A multi-omic cell-free DNA (cfDNA) based ‘liquid biopsy’ could offer insight into tumour and immune changes at baseline and throughout therapy. Genomic analyses could inform on tumour mutational signal and neo-antigen load. Methylation analyses can be used to deconvolute the cfDNA cell-of-origin which may inform on immune cell turnover and normal tissue toxicity. Multi-omic profiling could enhance liquid biopsy but can involve multiplication of experiments and workflows reducing its potential to be clinically implemented.

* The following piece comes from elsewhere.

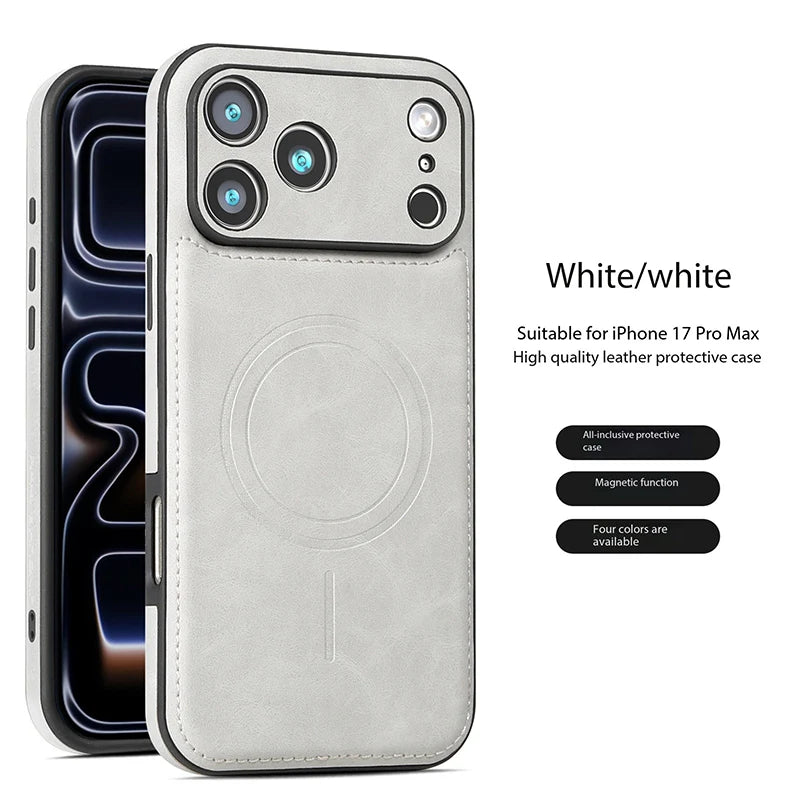 Luxury Magnetic Leather Case for Apple iPhone MagSafe Cover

We are evaluating the duet evoC technology which notably provides cfDNA genomic, methylation and hydroxymethylation information from a single workflow. We are comparing this 6-base genome sequencing with targeted sequencing and capture-based methylation enrichment (T7-MBD-seq). Initial analysis of cfDNA samples from patients with advanced cancer has shown concordance of tumour fraction and methylation profiling when assessed by the different methods.  At low coverage (~3x) WGS, 88% mutations with variant allele frequency of ≥20% by targeted sequencing were correctly identified by duet evoC. Both de novo identified differentially methylated regions and regions from an external reference atlas were able to distinguish samples from patients with melanoma from other samples using this technology.

Future objectives include comparing duet evoC with T7-MBD-seq for deconvoluting cell-of-origin from in-vitro and in-silico mixture sets of reference material, and comparing the methylation and hydroxymethylation profiles in longitudinal samples from patients with melanoma treated with ICIs.

In conclusion, we are assessing the potential of a multi-omic assay that can capture both genomic and epigenomic features of tumour- and immune-derived cfDNA. This will enable us to characterise comprehensively the cfDNA phenotypes associated with ICI response and resistance in patients with melanoma.